"That's right," said the thin, grey man, "the Führer gets to have the ideals, and we get to carry the can."
A thin, gray man is trying to pass through the crowd on the street, because the Führer is about the make an appearance. The man is only concerned about getting to his job on time, though. One of SA men tells him that he should be grateful for the Führer's ideals and this is what the man answers. He is immediately taken away by the SA men. It shows a complete and utter silencing and submission of regular people who aren't blind to what's happening, but who end up like the thin, gray man if they dare to speak.
"The purest of lyric poets needs to yearn for perfection. Once you've got perfection, poetry stops. Once criticism's no longer possible, you have to keep quiet."
Heine is a critical voice in the novel, correlating with the author. The perfection he talks about is a twisted idea of perfection forced upon people by dictatorship, with hatred and fear. Criticism is not any longer possible because there is nothing to criticize, but because criticism is completely forbidden.
"These days, it means quite a lot if a desperate man, ready for anything, refrains from killing someone else."

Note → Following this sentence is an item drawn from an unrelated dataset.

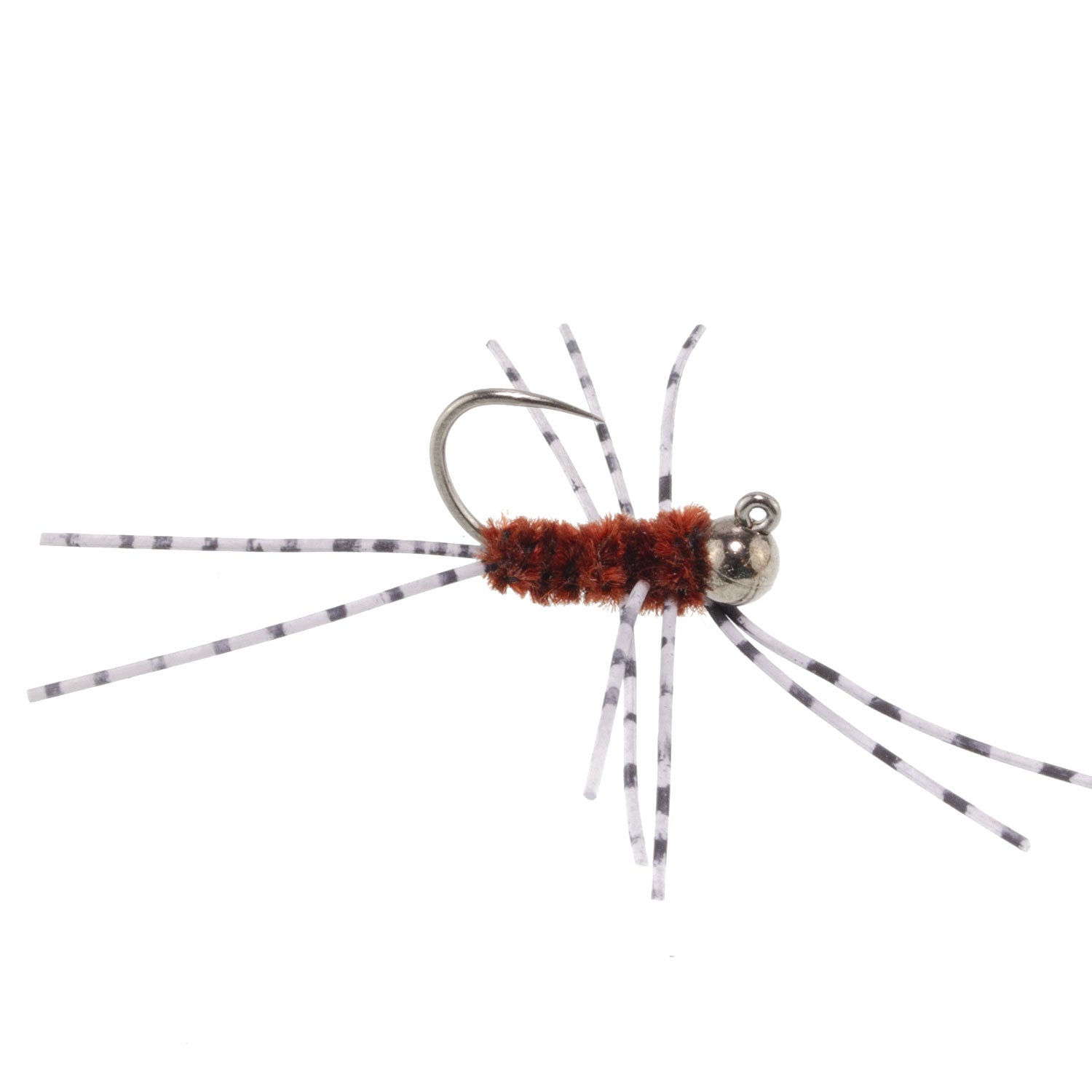 Premium Barbless Pat's Barred Rubber Legs Tungsten Bead Euro Nymph - Set of 6 Size 6 Flies - Korvel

Sanna's brother, Algin, completely lost his freedom of writing under Nazi rule, just like all the other artists lost their freedom. The only way to survive is to write about the greatness of Hitler and Nazism. Unable to sell himself like that, he's come to a point where life doesn't have much value to him. It truly shows the tense and desperate atmosphere and crumbling of society where people are pushed to the edge having lost all hope.